All Transit
— 9 min read
Transit connects the densest cities but is also surprisingly prevalent in some remote Western states. I wanted to find and display all these routes. Once I'd done that for the U.S., why not the world? This project visualizes data from the Transitland project. The name alludes to All Streets.
The schedule animation is my favorite part of the project. If you zoom into a city (currently U.S. only) you can see streaks moving around that correspond to transit vehicles: trains, buses, ferries. This data takes actual schedule information from the Transitland API and matches it to route geometries.
This rest of this blog post gives an overview of how the map is made.
Transitland
I use the Transitland project as my data source, which compiles GTFS feeds from around the world, and harmonizes the data into a single dataset. You can read more about why that's important here.
Transitland serves static transit information; it does not currently support GTFS real time feeds (but could in the future). Their data model is split into five components: Operators, Routes, RouteStopPatterns, Stops, and ScheduleStopPatterns.
An operator is a transit agency that offers services to the general public along fixed routes. A route contains all information about a single transit service as defined by the transit agency. A route can be a bit of a nebulous topic, since often a single name has several branches. A RouteStopPattern decomposes each route into a single linear geometry. A route can be defined by one or many RouteStopPatterns. A stop is each point along a route or RouteStopPattern where passengers may get on or off. A ScheduleStopPattern contains schedule information for each individual edge of the route.
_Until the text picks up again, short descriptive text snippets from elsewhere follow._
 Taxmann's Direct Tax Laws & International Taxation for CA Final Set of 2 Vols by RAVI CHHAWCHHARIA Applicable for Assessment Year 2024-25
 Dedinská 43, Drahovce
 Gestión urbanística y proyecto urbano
So if a route has 10 stops in a line, there will be 9 ScheduleStopPattern data points for each transit service scheduled along that route.
Download
Currently, Transitland doesn't offer bulk downloads. In order to download all the data I had to find the best way to find and store all the data through their API endpoints, which they have for each of the five categories enumerated above.
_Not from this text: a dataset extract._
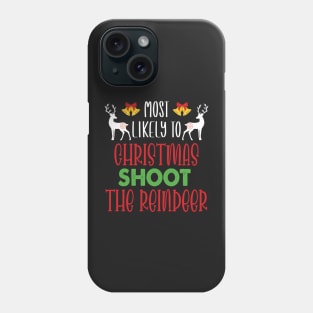 Most Likely To Christmas Shoot The Reindeer - Funny Christmas Deer Family Member Group Gift Phone Case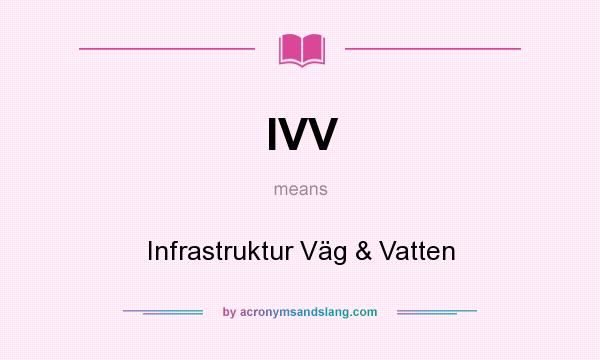What does IVV mean? It stands for Infrastruktur Väg & Vatten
Each of API endpoint allows for a geographic bounding box. At first, I tried to just pass a bounding box of the entire United States to each endpoint and download results a page at a time. Unsurprisingly, that method isn't successful for the endpoints that have more data to return, like stops and schedules, because each API request has a timeout of 120 seconds, and it takes a while to find and return the unindexed one-millionth row in a database. [^1]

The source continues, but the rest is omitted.